In afwijking van artikel 3.1.1 kan een ruimtelijk plan een woningbouwproject bevatten dat niet past in een woonplan, met inachtneming van de volgende voorwaarden:

  • a. de woningbouwcapaciteit van het ruimtelijk plan wordt ingepast in het regionale woningbouwprogramma, via uitwisseling van woningbouwcapaciteit op gemeentelijk of regionaal niveau, of door fasering van plannen;
  • b. indien het gaat om een Waddeneiland, wordt de woningbouwcapaciteit van het ruimtelijk plan ingepast in het gemeentelijk woningbouwprogramma, via uitwisseling van woningbouwcapaciteit op gemeentelijk niveau of door fasering van plannen;
  • c. de aantallen en de kwaliteit van de woningbouw passen bij aard en schaal van de overige kern, het regionaal centrum of het stedelijk centrum;
  • d. voorafgaand aan het voorgeschreven wettelijk overleg over het ruimtelijk plan, is met Gedeputeerde Staten overleg gevoerd over de noodzaak van toevoeging van het project aan woningaanbod in de gemeente.

De ontwikkeling die mogelijk wordt gemaakt met dit bestemmingsplan betreft de realisatie van vier woningen, binnen bestaand stedelijk gebied. Op basis van het gestelde in artikel 3.1.1 van de Verordening Romte is deze ontwikkeling passend binnen de provinciale verordening. Op basis van het bovenstaande kan geconcludeerd worden dat het plan in overeenstemming is met de Verordening Romte Fryslân 2014.

3.3 Gemeentelijke beleid

Structuurvisie gemeente Smallingerland

De gemeenteraad heeft in 2013 de Structuurvisie gemeente Smallingerland opgesteld als ruimtelijke vertaling van de Integrale Visie Smallingerland. Deze visie geeft een verkenning van de ontwikkeling van de gemeente Smallingerland voor een langere periode.

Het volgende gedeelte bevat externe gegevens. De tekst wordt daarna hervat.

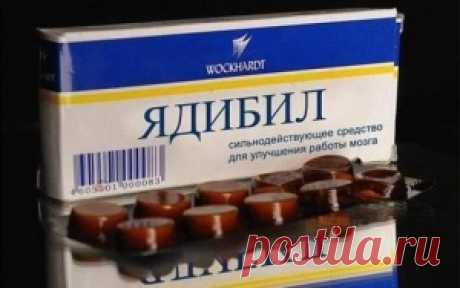 Расстрельный список препаратов — Encyclopedia Pathologica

Voor de structuurvisie wordt de lijn van de integrale visie gevolgd. Voor dorpen ligt de focus op optimalisering van de leefbaarheid. Het beleid van de gemeente richt zich op een aantal pijlers; werken, wonen, sport en recreatie, cultuur, onderwijs en wijken. Binnen deze pijlers worden een aantal doelen geformuleerd. Voor dit plan is de pijler 'wonen' van belang.

Wonen

De pijler 'Wonen' is evenals de andere pijlers een belangrijk onderdeel van de structuurvisie van de gemeente Smallingerland. Binnen deze pijler worden de volgende doelstellingen geformuleerd:

  • eigen identiteit van buurten, wijken en dorpen behouden en waar mogelijk versterken;
  • geslaagde initiatieven als milieuvriendelijk of energie neutraal wonen mogen niet ten onder gaan aan de wet van de remmende voorsprong;
  • Als gekozen wordt voor nieuwe woningbouw ontwikkelingen, dan kunnen deze alleen worden gerechtvaardigd vanuit een kwalitatieve aanvulling op het bestaande;
  • meer dan gemiddelde aandacht voor het wonen in het centrum van Drachten.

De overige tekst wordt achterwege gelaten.